++++ Data for analysis ++++

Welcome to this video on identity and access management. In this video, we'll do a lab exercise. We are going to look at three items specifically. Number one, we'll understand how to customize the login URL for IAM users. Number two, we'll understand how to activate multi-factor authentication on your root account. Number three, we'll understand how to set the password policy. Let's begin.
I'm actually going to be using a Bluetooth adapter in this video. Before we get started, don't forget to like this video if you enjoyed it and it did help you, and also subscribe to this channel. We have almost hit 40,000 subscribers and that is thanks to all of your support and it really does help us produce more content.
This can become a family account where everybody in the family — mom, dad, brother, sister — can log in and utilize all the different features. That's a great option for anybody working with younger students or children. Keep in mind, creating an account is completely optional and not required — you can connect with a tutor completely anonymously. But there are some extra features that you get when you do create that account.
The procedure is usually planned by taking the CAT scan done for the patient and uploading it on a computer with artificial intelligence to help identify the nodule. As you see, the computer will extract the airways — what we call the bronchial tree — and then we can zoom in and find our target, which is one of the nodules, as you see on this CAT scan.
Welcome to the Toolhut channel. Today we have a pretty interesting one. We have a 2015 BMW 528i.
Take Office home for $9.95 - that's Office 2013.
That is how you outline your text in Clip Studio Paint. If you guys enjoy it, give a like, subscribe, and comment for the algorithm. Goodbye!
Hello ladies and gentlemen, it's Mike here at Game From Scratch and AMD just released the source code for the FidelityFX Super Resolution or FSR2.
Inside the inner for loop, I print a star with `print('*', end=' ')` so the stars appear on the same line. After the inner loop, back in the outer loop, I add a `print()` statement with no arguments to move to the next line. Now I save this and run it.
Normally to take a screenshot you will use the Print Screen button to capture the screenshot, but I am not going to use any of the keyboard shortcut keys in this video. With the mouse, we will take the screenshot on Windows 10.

++++
++++ Data for analysis ++++

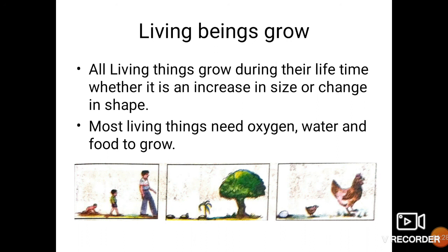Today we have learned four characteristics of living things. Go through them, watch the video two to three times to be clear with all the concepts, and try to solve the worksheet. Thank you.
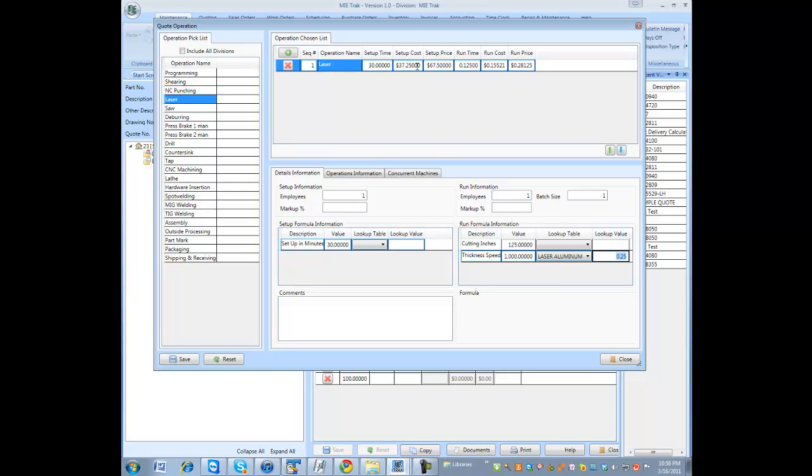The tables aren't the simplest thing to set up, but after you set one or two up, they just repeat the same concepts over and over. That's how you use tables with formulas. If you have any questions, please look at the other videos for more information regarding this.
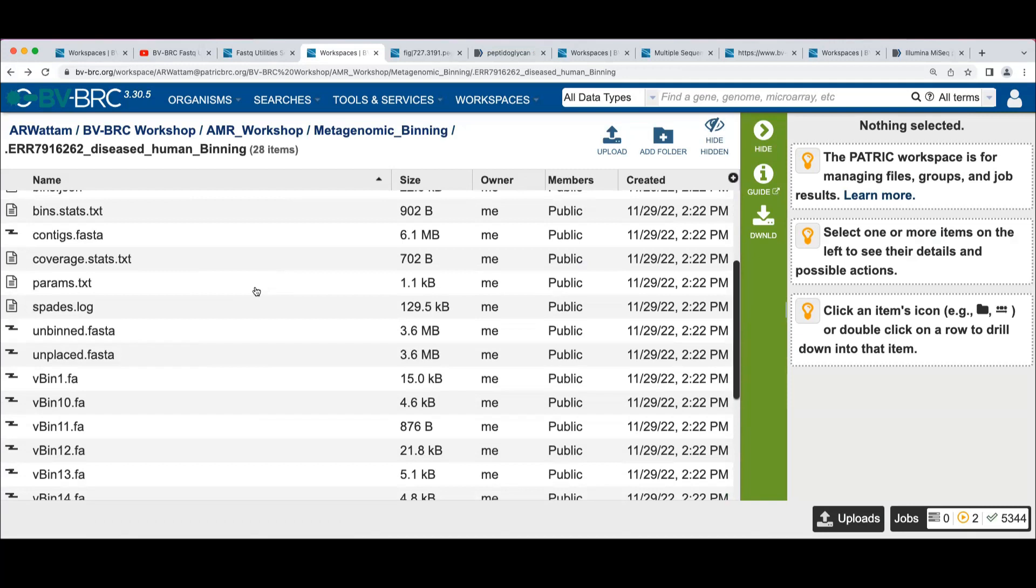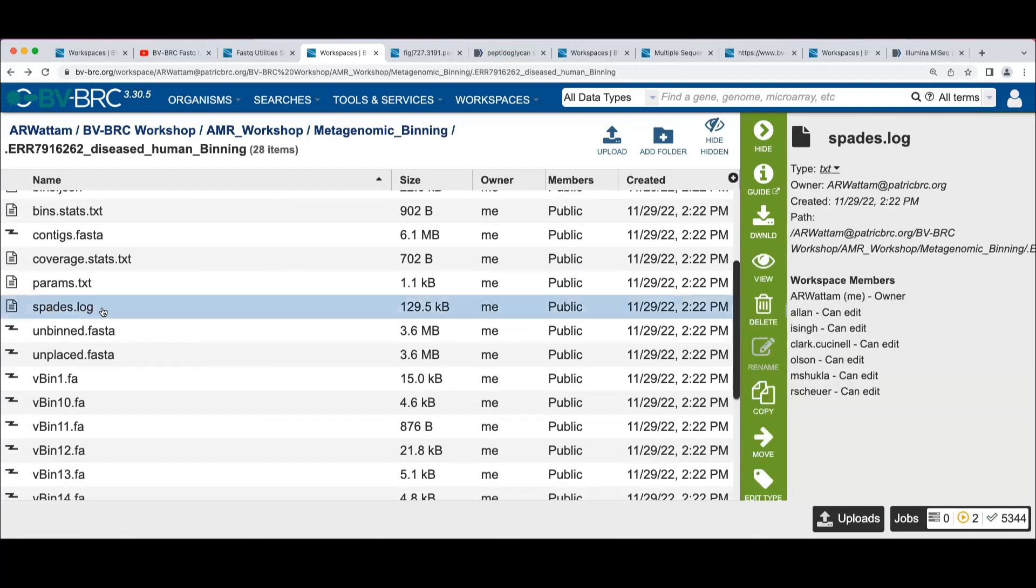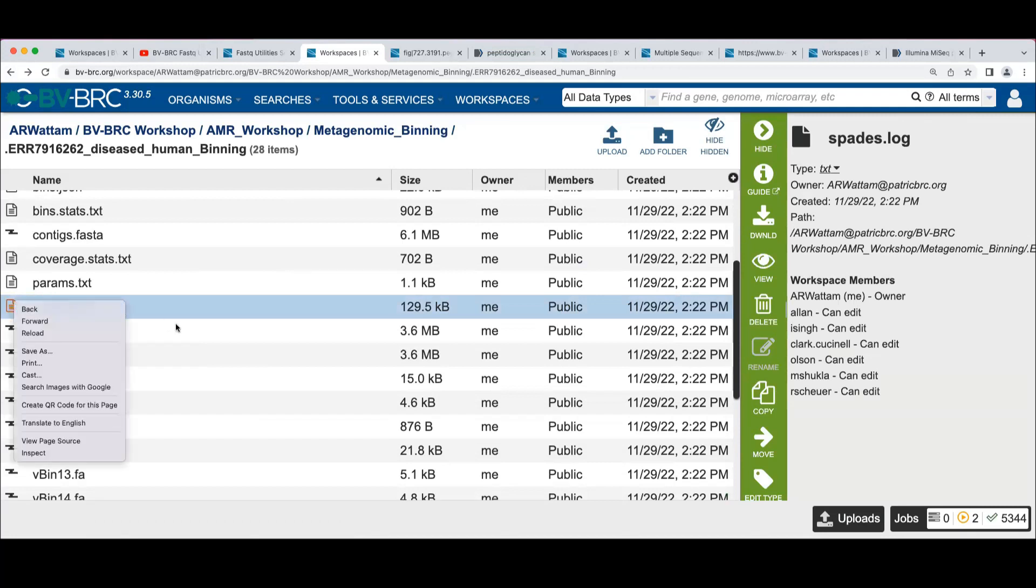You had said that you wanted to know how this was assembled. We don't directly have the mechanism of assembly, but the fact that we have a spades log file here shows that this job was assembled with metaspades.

++++

*How to complete this task:*
The lines above that hold the string "going" are to be located and copied.

*Task result:*
Welcome to this video on identity and access management. In this video, we'll do a lab exercise. We are going to look at three items specifically. Number one, we'll understand how to customize the login URL for IAM users. Number two, we'll understand how to activate multi-factor authentication on your root account. Number three, we'll understand how to set the password policy. Let's begin.
I'm actually going to be using a Bluetooth adapter in this video. Before we get started, don't forget to like this video if you enjoyed it and it did help you, and also subscribe to this channel. We have almost hit 40,000 subscribers and that is thanks to all of your support and it really does help us produce more content.
Normally to take a screenshot you will use the Print Screen button to capture the screenshot, but I am not going to use any of the keyboard shortcut keys in this video. With the mouse, we will take the screenshot on Windows 10.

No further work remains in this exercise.